_ASSIGNMENT_:
Give every line of the material back exactly, images removed.
___
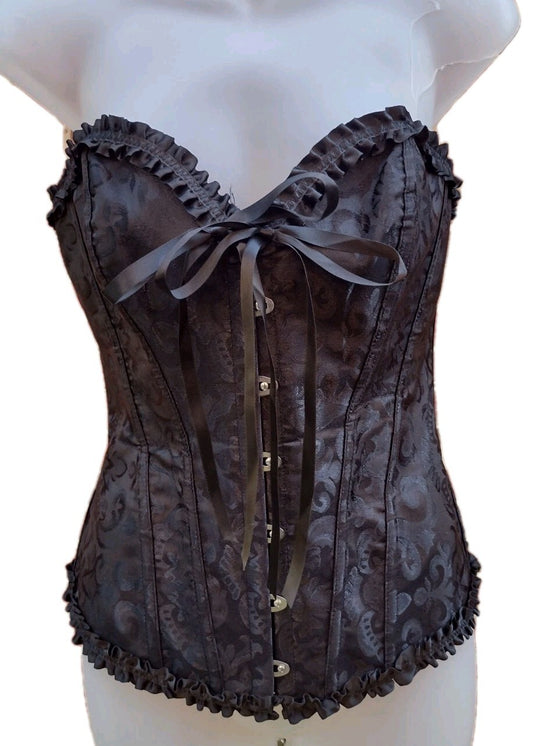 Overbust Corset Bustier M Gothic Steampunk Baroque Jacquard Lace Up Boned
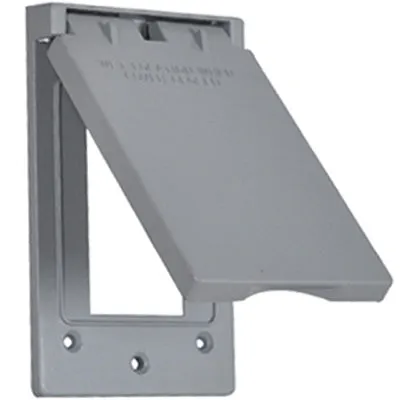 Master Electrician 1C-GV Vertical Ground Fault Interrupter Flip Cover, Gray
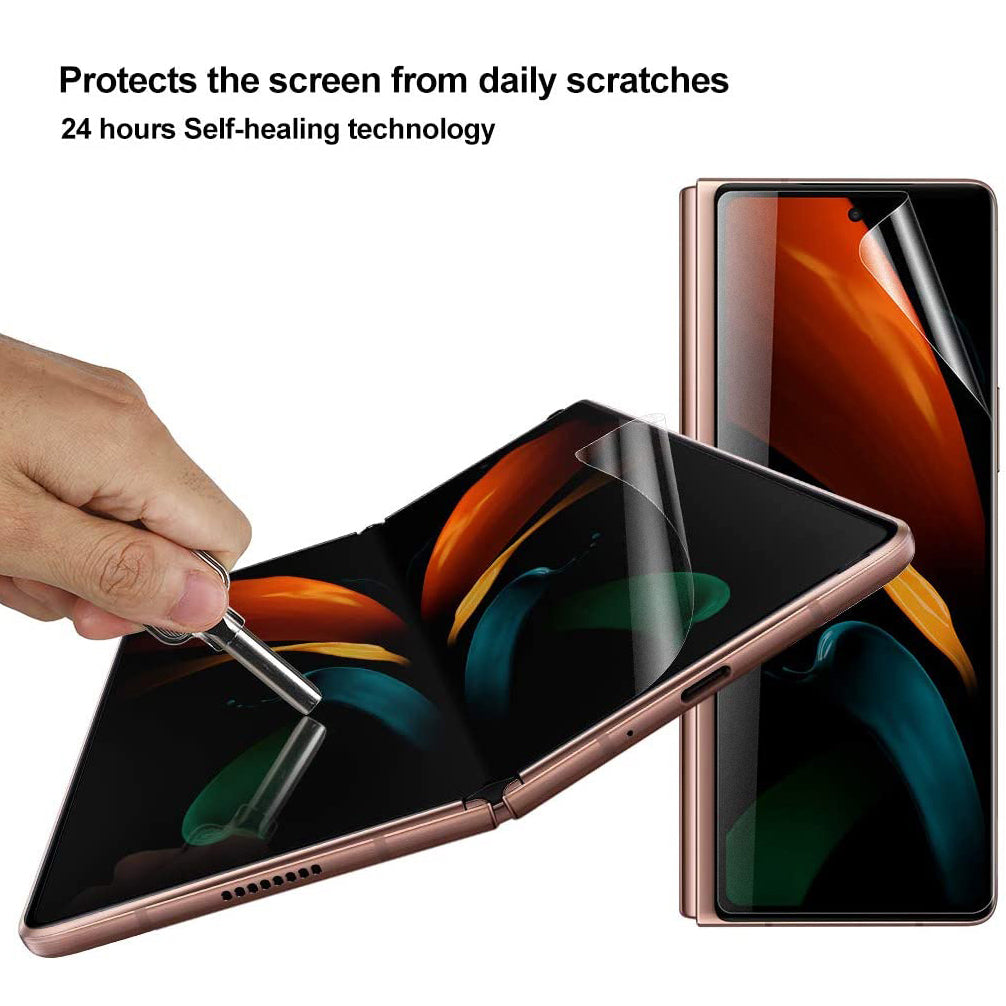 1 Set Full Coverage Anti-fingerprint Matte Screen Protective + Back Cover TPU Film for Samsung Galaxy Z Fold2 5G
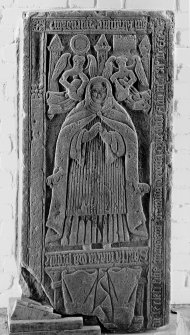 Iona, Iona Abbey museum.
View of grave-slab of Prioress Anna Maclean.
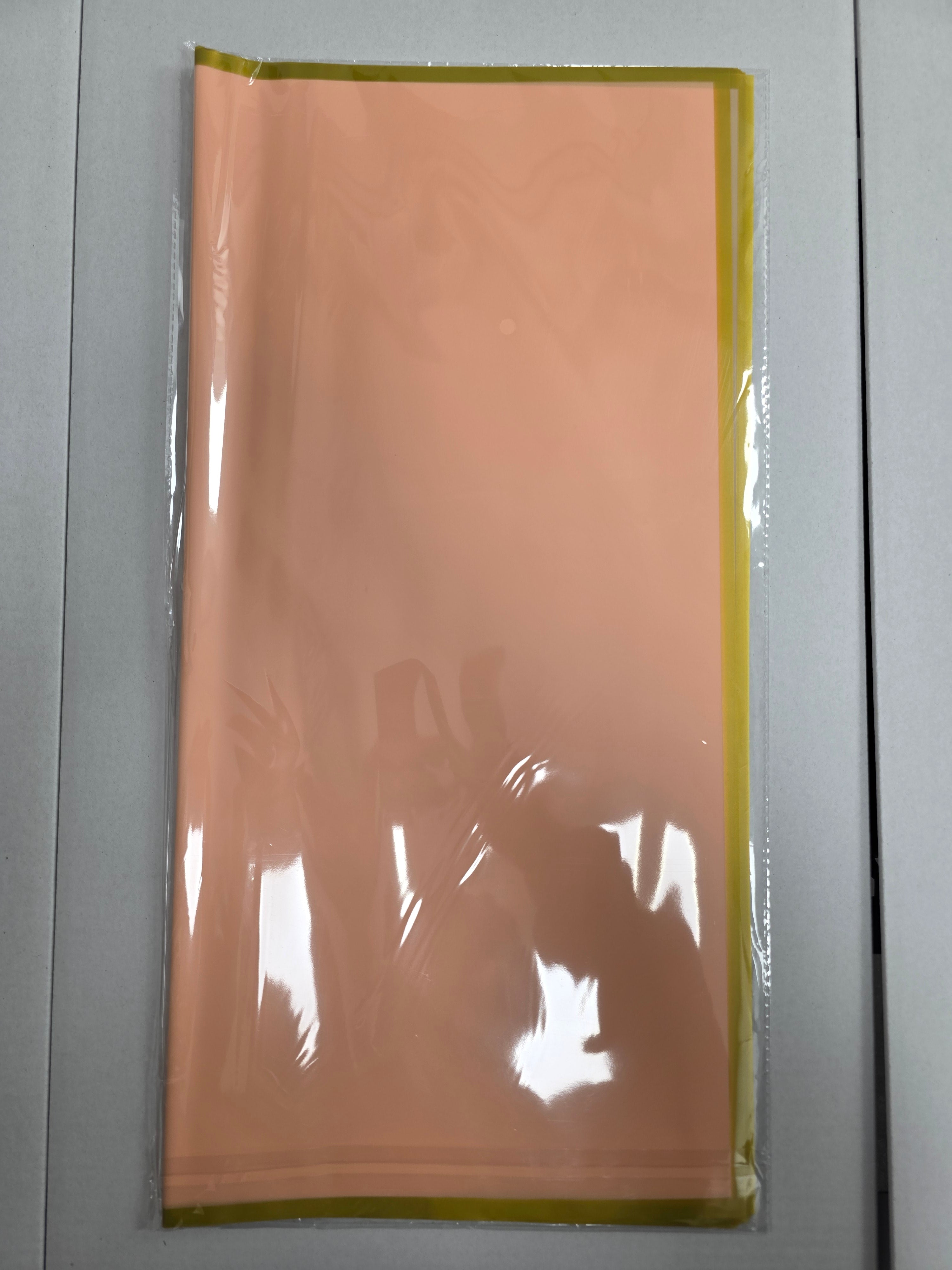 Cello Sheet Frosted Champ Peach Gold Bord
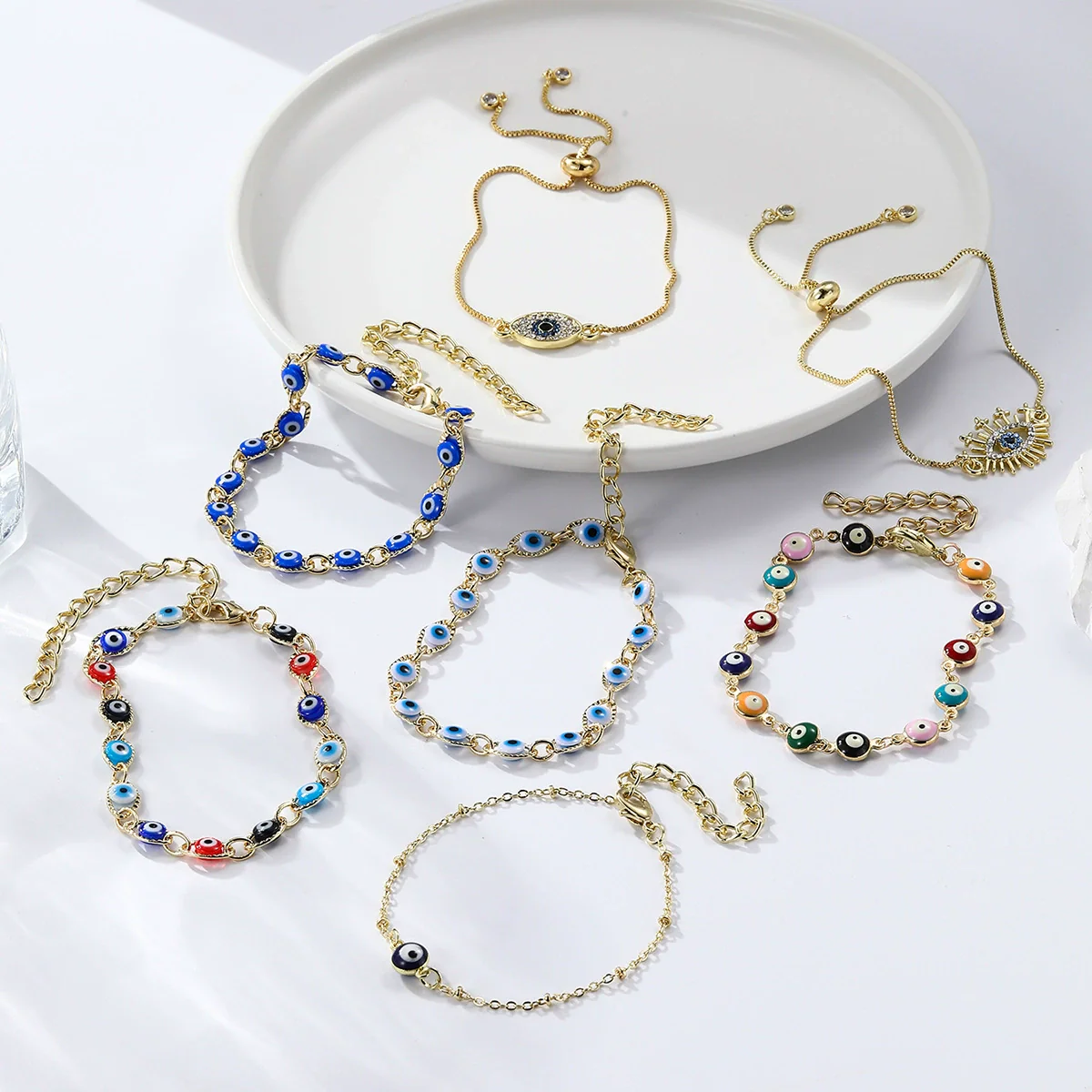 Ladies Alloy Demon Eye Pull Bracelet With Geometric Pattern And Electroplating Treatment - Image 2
___
_SOLUTION TO THE PROBLEM_:
 Overbust Corset Bustier M Gothic Steampunk Baroque Jacquard Lace Up Boned
 Master Electrician 1C-GV Vertical Ground Fault Interrupter Flip Cover, Gray
 1 Set Full Coverage Anti-fingerprint Matte Screen Protective + Back Cover TPU Film for Samsung Galaxy Z Fold2 5G
 Iona, Iona Abbey museum.
View of grave-slab of Prioress Anna Maclean.
 Cello Sheet Frosted Champ Peach Gold Bord
 Ladies Alloy Demon Eye Pull Bracelet With Geometric Pattern And Electroplating Treatment - Image 2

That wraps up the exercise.